Ein dicker Streamer an der Spinnrute und hopsala..., ik bin ein Fliegenfischer 

Oder es geht um das Gefühl beim werfen, das perfekte ablegen, das Gespür für die richtige Art, Farbe der Fliege, usw...?!


----------



## Minimax (15. Februar 2022)

tomxxxtom schrieb:


> Ein dicker Streamer an der Spinnrute und hopsala..., ik bin ein Fliegenfischer
> 
> Oder es geht um das Gefühl beim werfen, das perfekte ablegen, das Gespür für die richtige Art, Farbe der Fliege, usw...?!

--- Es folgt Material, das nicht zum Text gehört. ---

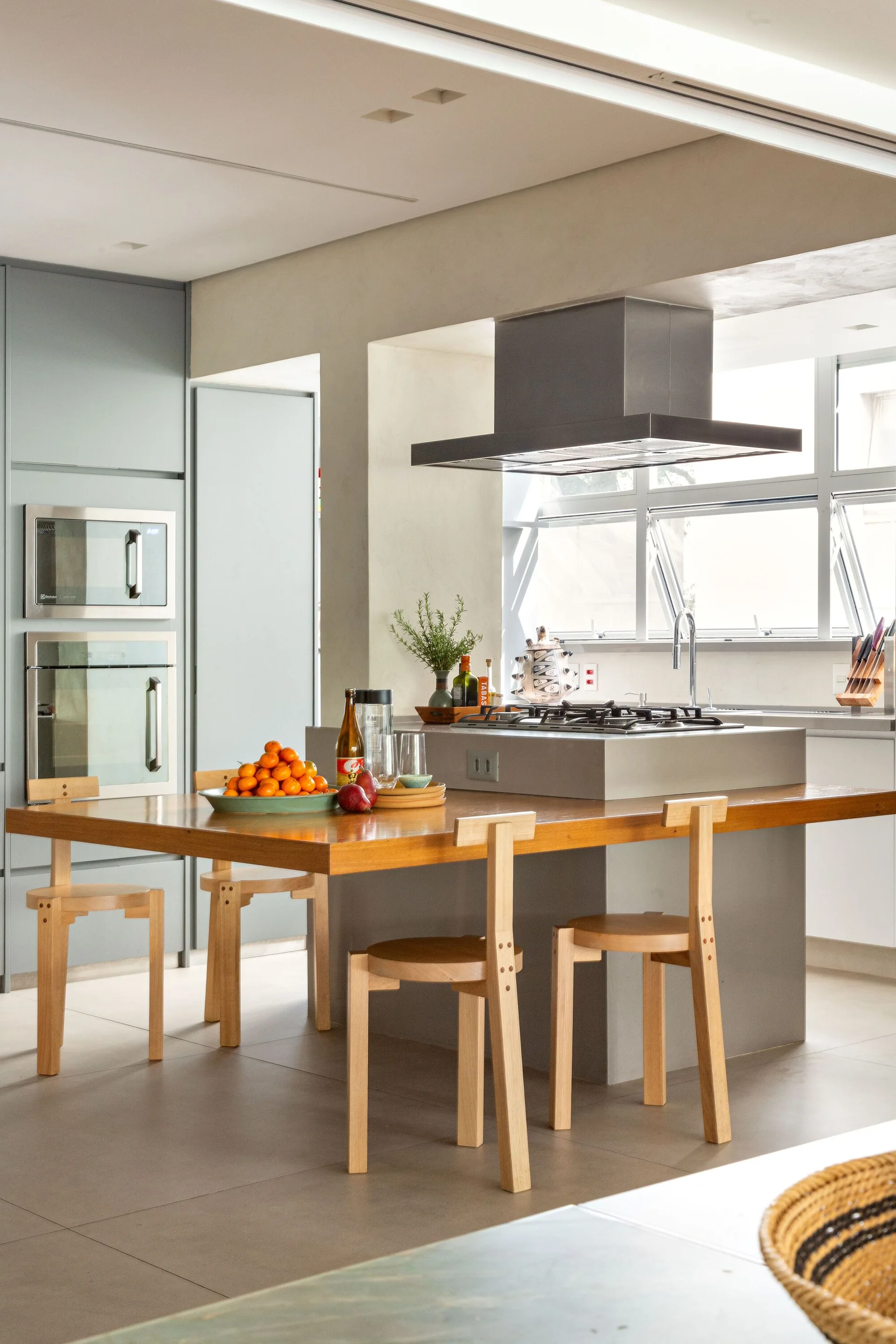 A modern grey kitchen island with an integrated cooktop and an attached warm wood dining table surrounded by light wood chairs.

Ich gebe Dir recht St.@tomxxxtom.

Das Fliegenfischen auszuweiten auf proletarische Coarse Spezies ist ein absoluter Greuel- da könnte ja jeder kommen. Schlimm genug, daß Barbaren die edle Fliegenkunst auf Weissfische, Hechte, Karpfen, und ähnliche...Objekte..  ausdehnen.

Die einzig akzeptable Verwendung für Flugschnur und Fliege ist der Upstream Dry Fly Code, gepriesen sei Halford, und möge Skues in der Hölle schmoren. 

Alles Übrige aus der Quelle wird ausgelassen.